### WORK ORDER
Below are the records; give again exactly the line with "A collection of", the line with "旅游如何写攻略安徽万佛湖自驾游脱困板塑料", and each line that lies between them, and nothing besides.

### INPUT DATA
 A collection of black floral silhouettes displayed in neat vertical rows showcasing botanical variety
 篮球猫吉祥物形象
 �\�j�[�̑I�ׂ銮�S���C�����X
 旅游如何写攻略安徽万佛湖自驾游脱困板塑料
---
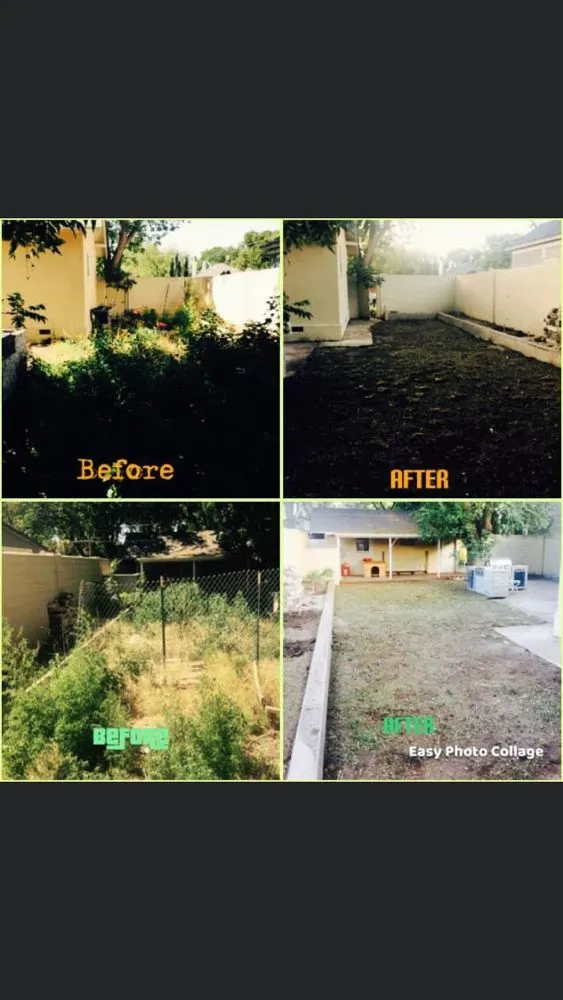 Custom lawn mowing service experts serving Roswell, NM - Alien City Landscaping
--
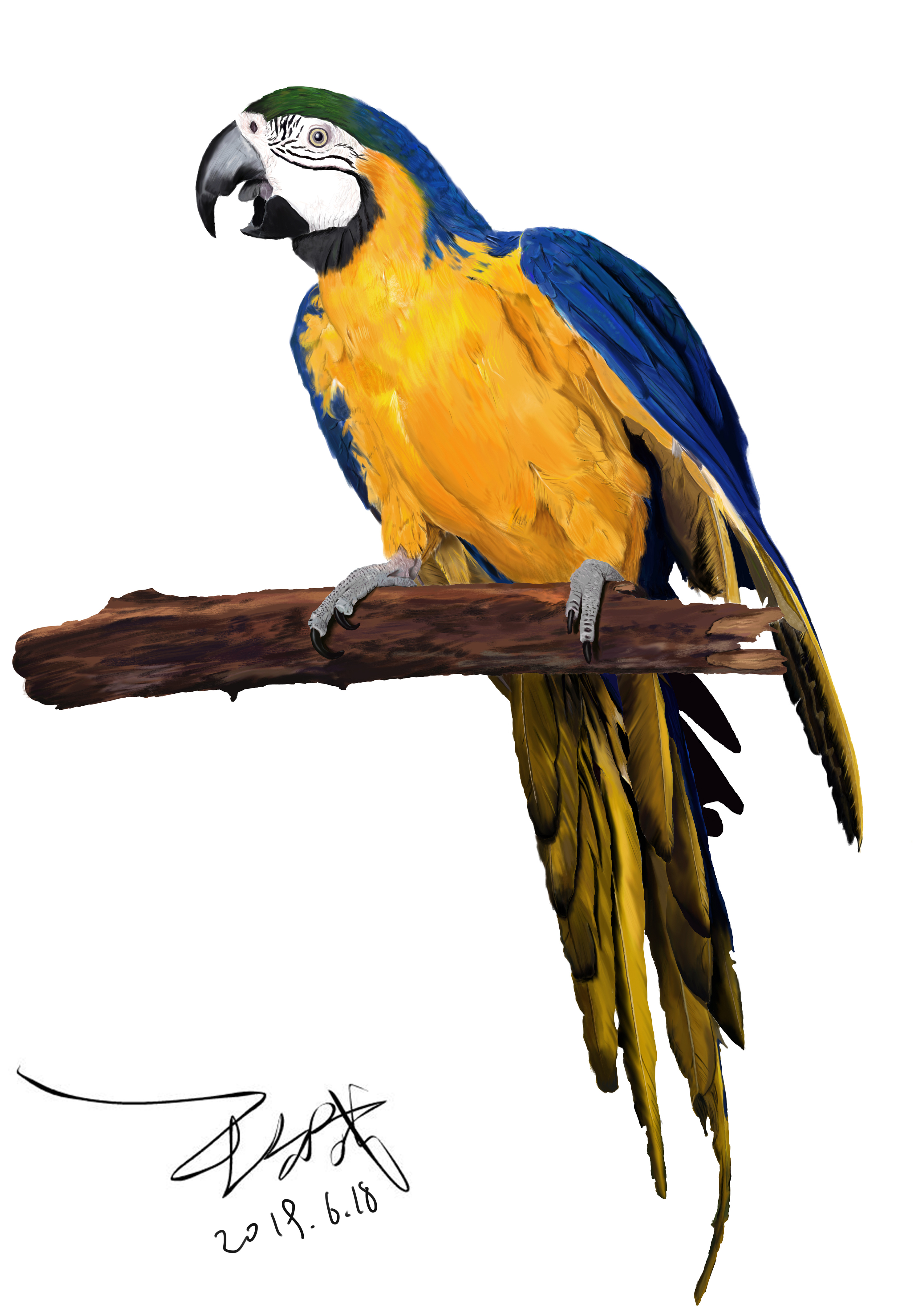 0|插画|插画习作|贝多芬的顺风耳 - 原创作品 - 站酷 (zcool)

### TASK SOLUTION
 A collection of black floral silhouettes displayed in neat vertical rows showcasing botanical variety
 篮球猫吉祥物形象
 �\�j�[�̑I�ׂ銮�S���C�����X
 旅游如何写攻略安徽万佛湖自驾游脱困板塑料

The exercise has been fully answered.